License: GPL-2 | GPL-3 [expanded from: GPL (≥ 2)]
Imports: ggdmcPrior, ggdmcModel, Rcpp (≥ 1.0.7), methods
Depends: R (≥ 3.3.0)
LinkingTo: Rcpp (≥ 1.0.7), RcppArmadillo (≥ 0.10.7.5.0), ggdmcHeaders
Suggests: testthat
RoxygenNote: 7.3.2
Encoding: UTF-8
NeedsCompilation: yes
Packaged: 2025-08-28 00:15:59 UTC; yslin
Author: Yi-Shin Lin [aut, cre]
Repository: CRAN
Date/Publication: 2025-09-02 20:50:24 UTC

The Decision Diffusion Model

Description

ddModel provides functions for computing the density, distribution, and random generation of the Decision Diffusion model (DDM), a widely used cognitive model for analysing choice and response time data. The package allows model specification, including the ability to fix, constrain, or vary parameters across experimental conditions.

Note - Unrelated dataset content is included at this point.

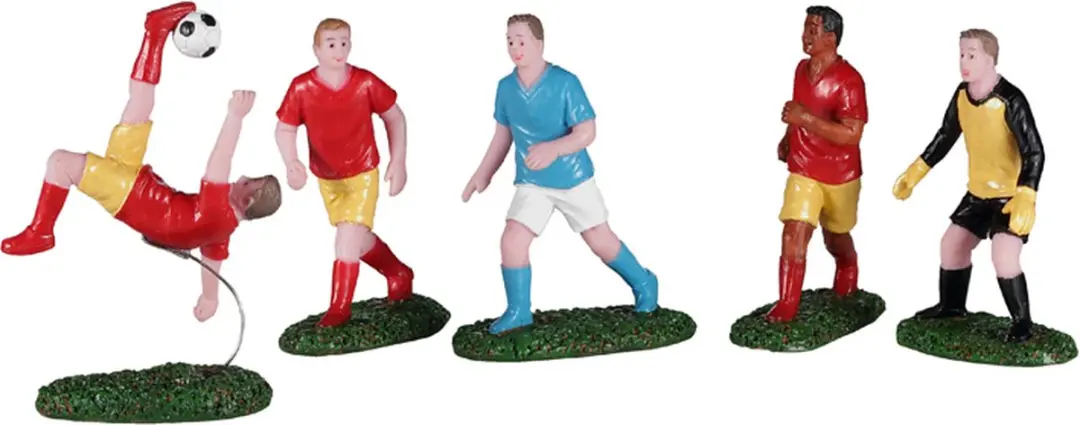 Lemax Playing Soccer Kersthuisjes Set - 5 Stuks - Neutraal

While it does not include a built-in optimiser, it supports likelihood evaluation and can be integrated with external tools for parameter estimation. Functions for simulating synthetic datasets aer also provided. This package is intended for researchers modelling speeded decision-making in behavioural and cognitive experiments. For more information, see Voss, Rothermund, and Voss (2004) <doi:10.3758/BF03196893>, Voss and Voss (2007) <doi:10.3758/BF03192967>, and Ratcliff and McKoon (2008) <doi:10.1162/neco.2008.12-06-420>.

Author(s)

Yi-Shin Lin <yishinlin001@gmail.com>

An S4 Class Representing a Decision Diffusion Model

Description

The ddm class represents a complete Decision Diffusion Model (DDM) specification. It encapsulates a model objects from the ggdmcModel package, and optionally a population distribution created via the BuildPrior function from the ggdmcPrior package.

Usage

setDDM(model, population_distribution = NULL)

Arguments

model

A required model object defining the model specification.

population_distribution

Optional A population-level prior distribution, typically constructed with BuildPrior. This argument enables simulations of subject-level parameters. Default is NULL.

Details

The constructor function setDDM creates a ddm object by wrapping the model and optionally a population distribution into a single structure. This class is designed for compatibility with sampling and simulation functions within the ggdmc ecosystem.

Value

An object of S4 class ddm, which includes:

Slots

model

A model object from ggdmcModel package that defines the DDM structure, including parameter names, mapping, and data attributes.

population_distribution

An optional prior distribution, typically created via BuildPrior from the ggdmcPrior package. This slot is primarily used for parameters or hierarchical modelling and can be NULL.

See Also

model-class, BuildPrior

Density, Distribution and Random Generation of the Decision Diffusion Model

Description

A set of functions implementing the Decision Diffusion Model (DDM), providing: probability density (dfastdm), cumulative distribution (pfastdm), and random choices and response times generation (rfastdm).

Usage

dfastdm(rt_r, parameters_r, is_lower = TRUE)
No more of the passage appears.